Hey, I have a question Banksy-related and I was hoping you could help me out. I fell in love, quite literally, with one of Banksy's pieces, so much that I've been thinking about getting it tattooed. The thing is, I don't know if it'd be correct to do so. What do you think? Is it okay to have an artist's piece tattooed on by another person? Or without them "knowing"?
Well, Banksy tattoos are pretty common so don’t worry too much. Also, Banksy once put up a bunch of collected photos up on his website of people with Banksy tattoos, meaning he is perfectly fine to use him as inspiration.
Has anyone put forth the theory that Banksy is not one person but a group of people?
Yes, although it’s been some time ago since somebody asked me this before. Banksy is one person but he works with a group of assistants (just like a lot of bigger artists, also street artists such as Shepard Fairey).
Do you believe Banksy and Mr. Brainwash are the same person?
No, they are not since Mr. Brainwash is an actual person and artists. You can follow his adventures on Facebook. What is also true is that he got famous AFTER Exit Through The Gift Shop so yeah, maybe all what Banksy is saying in the movie is true afterwards?
What makes you an authority on Banksy. I'm not attacking, just questioning. I see a lot of people ask you questions about authenticity etc.
I don’t think I’m an authority on Banksy per se, although street art is my full time job (I organize art festivals and expositions and have worked with artists such as Aryz, Pixelpancho, Roa, David Walker, Daleast, etc). Besides that I have always been a big Banksy enthusiast ever since I was a teenager (which is +15 years ago) and been running this blog since 5 years or so.
Good and difficult question, it definitely grew steadily and not with a sudden hyped picture on the internet although I must add that internet definitely had a big positive impact on street art in general.
Banksy switched from regular graffiti to stencil graffiti in +/- 1997, and since then his popularity has been grown day by day. I personally believe it’s because of the right message in the right time period since his art is mainly on anti-war, anti-capitalist or anti-establishment and apparently a lot of people shared his opinion on those topics in that time.

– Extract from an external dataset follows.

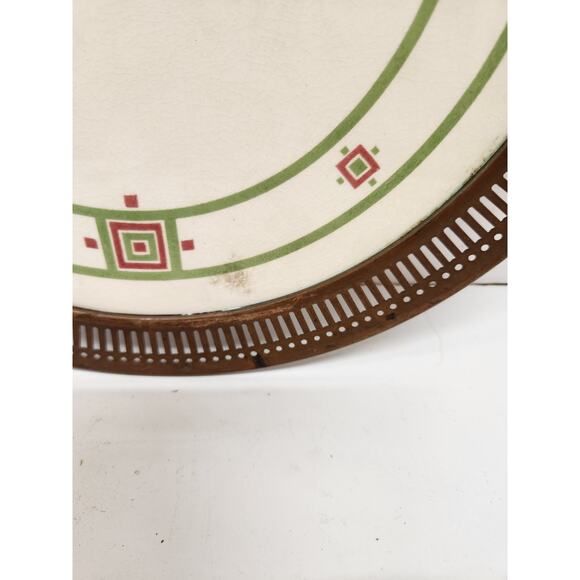 Antique German Secessionist Platter Rimmed Round Porcelain Tray Copper Trim Deco - Picture 2 of 3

In 2003 he did an exposition with Shepard Fairey (also a huge name in street art world) and it only attracted 1,500 visitors. Afterwards he produced a quantity of spoof British £10 notes and those were quite popular, followed with another exposition called Barely Legal (with the infamous pink painted elephant). These last two interventions got huge press coverage and were picked up by the public very well.